La conscience universelle s’est matérialisée par la volonté politique, à l’unisson, d’agir vite avec l’intensité et le rythme qu’exigent les défis climatiques pour inverser les tendances. Les actions sont d’abord  celles qui s’adressent à l’atténuation  des émissions de gaz à effet de serre, mais aussi celles qui prennent en compte l’adaptation aux  effets et aux conséquences des changements climatiques. 
La COP22  se tenant à Marrakech, il était  évident qu’une sensibilité particulière se manifeste à l’adresse des pays du sud et des petits Etats insulaires. Ceux-ci subissent de plein fouet les effets d’évènements extrêmes, et les conséquences des changements climatiques, sans qu’ils aient une  quelconque responsabilité historique dans les dégradations des ressources  naturelles ou de la biocapacité de cette planète que nous avons en partage.
- Peut-on mesurer ces impacts sur le tourisme et le rayonnement du Maroc sur le plan international?
- Le choix du Maroc d’abriter cette conférence est en lui-même une reconnaissance pour notre pays des efforts qu’il déploie dans les domaines  de la préservation de l’environnement et dans l’émergence d’un  modèle de développement s’inscrivant parfaitement dans  les objectifs que la communauté internationale s’est fixés en termes de lutte contre les changements climatiques et leurs effets. 

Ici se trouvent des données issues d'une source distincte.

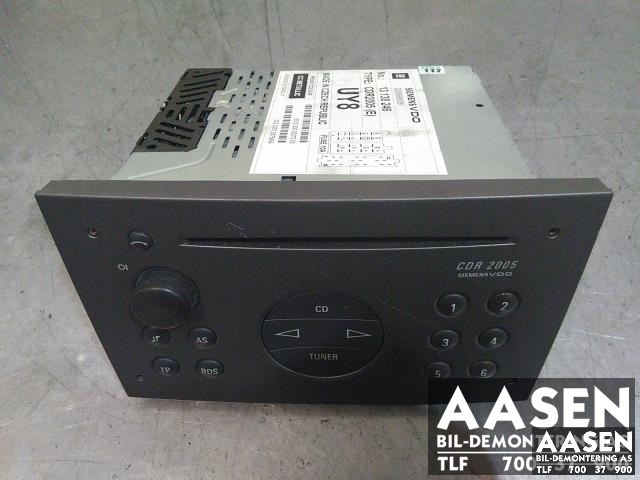 Bilstereo til Opel Corsa C 2000-2006 (SIEMENS|13138246|)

Le Maroc consolide sa position comme pays modèle en la matière. L’engagement au plus haut niveau de l’Etat s’affirme toujours plus. SM le Roi, alors prince héritier, avait représenté le Maroc au Sommet  de la Terre en 1992 à Rio de Janeiro. Sous l’égide du Souverain, deux Conférences de parties  on été organisées à Marrakech, toujours à des moments décisifs. En 2001, Marrakech abritait la COP7, immédiatement après l’adoption de Kyoto. Aujourd’hui, le Maroc se positionne à l’international en organisant la COP22, étape décisive pour la mise en œuvre des décisions de l’accord de Paris. Ces acquis politiques sont évidemment d’une importance capitale et les retombées économiques, y compris dans le secteur touristique, viennent inscrire Marrakech dans les destinations qui ont eu toujours rendez-vous avec l’histoire dans les moments décisifs.

- Pour la plateforme des négociations, qu’avez-vous préparé en guise de propositions?
- Immédiatement après l’accord de Paris, en décembre 2015, le Maroc, en tant que présidence montante  de la COP22, en collaboration étroite avec la présidence française de la COP21, et le secrétariat exécutif des Nations unies sur les changements climatiques, s’est fixé des objectifs précis et ambitieux pour  maintenir l’engagement et la mobilisation de la communauté internationale, autour de cet accord, qualifié justement d’universel, équilibré et équitable.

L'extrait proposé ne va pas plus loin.